The Under-Pup is a 1939 American feature film by Richard Wallace that introduced soprano singing star Gloria Jean to the screen.

==Plot==
Pip-Emma Binns is a New York tomboy with 11 uncles, who wear uniforms and teach her the professional tricks of their trades. Pip-Emma is invited—as a charity case—to a summer camp for wealthy girls. The snobby "Purple Order of Penguins" resent Pip-Emma's brash behavior, plain-spoken opinions, and streetwise skills learned from her uncles, and she is bullied by the other girls. Her only girlfriend is Janet Cooper, a poor little rich girl whose parents are on the verge of divorce. Pip-Emma calls upon her beloved grandfather to visit Janet's parents and talk some sense into them. Camp counselor Priscilla Adams and her football-playing suitor Dennis Lane carry on a reluctant romance while trying to sort out Pip-Emma's problems. Camp caretaker Tolio befriends Pip-Emma while his two bratty sons pester her. Pip-Emma stands up for herself and wins everyone over, including the girl who had bullied her the most.

==Production==
The screenplay by Grover Jones was based on a story by I.A.R. Wylie, which was published in 1938.

Joe Pasternak held extensive auditions to find the lead throughout 1938, during which he discovered Gloria Jean. She later recalled:
There were hundreds of beautiful little girls there [at the audition]. I had been grabbed out of the sandbox, and I didn’t look so nice. I had pigtails and my teeth were a little crooked. But that’s what Joe liked.... I said, ‘I can’t sing, the piano’s out of tune.’ My mother almost shot me. Joe said, ‘I like this kid. Let’s get the piano tuned and bring her back tomorrow.’ I got all kinds of lectures on the way home about being a little more subdued. When I sang the next day, I knew it went very well.
Filming took place from May to June 1939. It was originally budgeted at $445,000.

Robert Cummings had just appeared in Three Smart Girls Grow Up and been signed to a long-term contract with Universal.
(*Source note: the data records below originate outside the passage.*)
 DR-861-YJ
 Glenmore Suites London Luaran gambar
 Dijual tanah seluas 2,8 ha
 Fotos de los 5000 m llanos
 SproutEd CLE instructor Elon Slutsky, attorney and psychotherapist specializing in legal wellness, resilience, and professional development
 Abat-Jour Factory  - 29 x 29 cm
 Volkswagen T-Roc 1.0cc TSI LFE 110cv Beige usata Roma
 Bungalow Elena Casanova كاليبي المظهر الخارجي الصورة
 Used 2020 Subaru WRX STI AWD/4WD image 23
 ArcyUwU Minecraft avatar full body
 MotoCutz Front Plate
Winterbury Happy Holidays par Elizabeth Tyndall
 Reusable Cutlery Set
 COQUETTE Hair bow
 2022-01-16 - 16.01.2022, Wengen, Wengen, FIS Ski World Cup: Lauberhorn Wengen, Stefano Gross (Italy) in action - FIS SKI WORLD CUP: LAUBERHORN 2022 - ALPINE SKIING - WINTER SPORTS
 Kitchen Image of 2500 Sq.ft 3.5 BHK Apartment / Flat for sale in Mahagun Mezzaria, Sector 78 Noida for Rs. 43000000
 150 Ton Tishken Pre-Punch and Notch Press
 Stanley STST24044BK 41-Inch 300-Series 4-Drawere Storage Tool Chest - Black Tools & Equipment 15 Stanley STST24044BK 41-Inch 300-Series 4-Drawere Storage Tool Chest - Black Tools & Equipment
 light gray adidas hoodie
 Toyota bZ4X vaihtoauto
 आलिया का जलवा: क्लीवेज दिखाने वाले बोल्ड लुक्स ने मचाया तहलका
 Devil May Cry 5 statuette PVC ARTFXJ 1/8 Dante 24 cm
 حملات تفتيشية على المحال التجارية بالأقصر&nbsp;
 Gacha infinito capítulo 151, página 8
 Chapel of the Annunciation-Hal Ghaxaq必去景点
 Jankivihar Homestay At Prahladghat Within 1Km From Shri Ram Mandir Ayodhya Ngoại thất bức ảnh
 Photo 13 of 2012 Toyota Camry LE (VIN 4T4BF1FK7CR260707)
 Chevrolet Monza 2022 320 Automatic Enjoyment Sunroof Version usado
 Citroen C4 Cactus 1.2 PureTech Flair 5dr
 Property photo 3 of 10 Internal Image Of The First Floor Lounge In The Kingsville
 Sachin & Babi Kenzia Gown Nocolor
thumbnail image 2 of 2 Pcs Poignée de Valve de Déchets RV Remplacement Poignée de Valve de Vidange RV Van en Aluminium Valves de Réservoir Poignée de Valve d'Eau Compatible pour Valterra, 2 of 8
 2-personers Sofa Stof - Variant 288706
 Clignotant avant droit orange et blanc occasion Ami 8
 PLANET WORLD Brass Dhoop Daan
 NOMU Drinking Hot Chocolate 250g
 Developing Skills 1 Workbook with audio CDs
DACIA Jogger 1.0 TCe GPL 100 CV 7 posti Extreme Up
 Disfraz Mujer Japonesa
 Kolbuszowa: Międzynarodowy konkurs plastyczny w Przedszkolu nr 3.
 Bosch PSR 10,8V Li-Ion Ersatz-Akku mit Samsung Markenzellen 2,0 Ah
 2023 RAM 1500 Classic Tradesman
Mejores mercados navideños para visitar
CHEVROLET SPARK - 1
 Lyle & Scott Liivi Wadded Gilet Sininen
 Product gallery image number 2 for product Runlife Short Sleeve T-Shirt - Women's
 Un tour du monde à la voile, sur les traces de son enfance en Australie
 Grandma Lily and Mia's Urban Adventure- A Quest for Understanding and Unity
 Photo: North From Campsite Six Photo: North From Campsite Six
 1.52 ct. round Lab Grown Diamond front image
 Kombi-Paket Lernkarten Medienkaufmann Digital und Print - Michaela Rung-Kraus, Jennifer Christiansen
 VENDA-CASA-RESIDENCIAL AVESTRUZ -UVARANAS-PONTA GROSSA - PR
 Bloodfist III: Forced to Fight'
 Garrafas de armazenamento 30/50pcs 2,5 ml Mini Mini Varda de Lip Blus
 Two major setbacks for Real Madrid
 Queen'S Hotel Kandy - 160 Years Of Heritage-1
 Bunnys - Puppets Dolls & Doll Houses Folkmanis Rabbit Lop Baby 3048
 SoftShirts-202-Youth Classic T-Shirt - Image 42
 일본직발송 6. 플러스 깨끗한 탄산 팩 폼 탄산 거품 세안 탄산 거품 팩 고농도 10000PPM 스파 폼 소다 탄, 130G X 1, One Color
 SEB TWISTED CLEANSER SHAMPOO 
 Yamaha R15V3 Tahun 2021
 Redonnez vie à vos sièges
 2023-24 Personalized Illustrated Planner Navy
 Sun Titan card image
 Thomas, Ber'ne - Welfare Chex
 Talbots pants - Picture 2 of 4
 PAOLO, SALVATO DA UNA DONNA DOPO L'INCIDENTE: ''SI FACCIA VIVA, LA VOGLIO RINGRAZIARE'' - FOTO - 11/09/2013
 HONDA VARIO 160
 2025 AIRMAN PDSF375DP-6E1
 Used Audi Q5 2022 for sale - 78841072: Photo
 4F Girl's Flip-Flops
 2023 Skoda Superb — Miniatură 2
Although The Under-Pup was his first above-the-title lead, he was overshadowed by screen newcomer Gloria Jean, on whom the publicity was focused.

==Reception==
The film had its premiere in Gloria Jean's hometown of Scranton, Pennsylvania on Thursday, August 24, 1939. As Gloria Jean's biographers recounted, "In a surprise move that amazed both the studio publicity men and the national press corps, the local coal miners declared a strike, and shut down the community's major industry for the day in Gloria's honor."

Variety called the film "surefire entertainment" and singled out Gloria Jean: "Typical American girl of her age, youngster has warm poise, winsome personality, and a screen presence that is remarkable considering this is the first time she faced the cameras."

The film was well received, and was followed by an unofficial sequel, A Little Bit of Heaven (1940). Many of the cast members from The Under-Pup appear in the second film, but with different character names.

In 1946, Hollywood studios joined forces to create a special film library of feature films, intended specifically for children's matinées. All the studios contributed a few of their greatest hits with juvenile appeal; Universal supplied The Under-Pup.

==Radio adaptation==
The film script was adapted for radio and was presented on Lux Radio Theater on April 15, 1940, with Gloria Jean and Nan Grey reprising their film roles.